The distribution of epicardial fat and coronary anatomy varies among patients. Both are of key relevance during epicardial mapping and ablation. This study is the first to demonstrate the feasibility and accuracy of real-time integration of MDCT-derived images to visualize both the coronary anatomy and fat distribution even before epicardial mapping. In 62% of patients with failed epicardial ablation, lack of success was related to the proximity of a coronary artery or thick fat layer correctly identified using image integration.
Accuracy of real-time image integration
Image integration was performed using the LM as a single landmark and the surface registration tool provided by the CARTO system after limited endocardial mapping. This approach resulted in highly accurate integration of MDCT data, verified by surface registration statistics with a mean surface registration error of only 2.8 mm. After confirmation of the registration accuracy by a single coronary injection, the distance between TSs and coronary arteries can be accurately assessed on integrated MDCT. In all 14 patients in whom the TS was located near a coronary artery, the distance was estimated correctly. Therefore, in most cases, the decision to perform ablation can be solely based on the MDCT image integration. However, when MDCT image integration demonstrates the TS to be in close proximity to a relevant coronary artery branch, additional limited coronary injections may still be necessary.

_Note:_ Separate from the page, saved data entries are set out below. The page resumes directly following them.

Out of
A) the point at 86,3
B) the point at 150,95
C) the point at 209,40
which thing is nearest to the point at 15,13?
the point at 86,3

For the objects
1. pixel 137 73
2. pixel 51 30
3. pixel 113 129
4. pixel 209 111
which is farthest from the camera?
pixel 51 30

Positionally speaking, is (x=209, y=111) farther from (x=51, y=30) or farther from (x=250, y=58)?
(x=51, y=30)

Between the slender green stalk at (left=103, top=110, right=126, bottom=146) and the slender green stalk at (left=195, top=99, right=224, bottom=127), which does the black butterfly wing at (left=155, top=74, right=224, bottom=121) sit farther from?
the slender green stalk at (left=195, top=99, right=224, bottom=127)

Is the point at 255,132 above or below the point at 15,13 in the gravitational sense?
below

The demonstrated correspondence of the distance between the catheter position and coronary arteries on integrated MDCT and angiography has important practical implications. After confirmation of the registration accuracy by a single coronary injection, the distance between TSs and coronary arteries can be evaluated by integrated MDCT only. Although additional limited contrast injections may still be necessary in case of a TS close to a major branch or when small arteries, such as diagonal and obtuse marginal branches, are not accurately visualized on MDCT, in most cases, image integration is likely to prevent multiple coronary injections at different angulations. It may even enable more accurate assessment of the proximity of a coronary artery if angiography at some angles is limited by the location triangle of the EAM system.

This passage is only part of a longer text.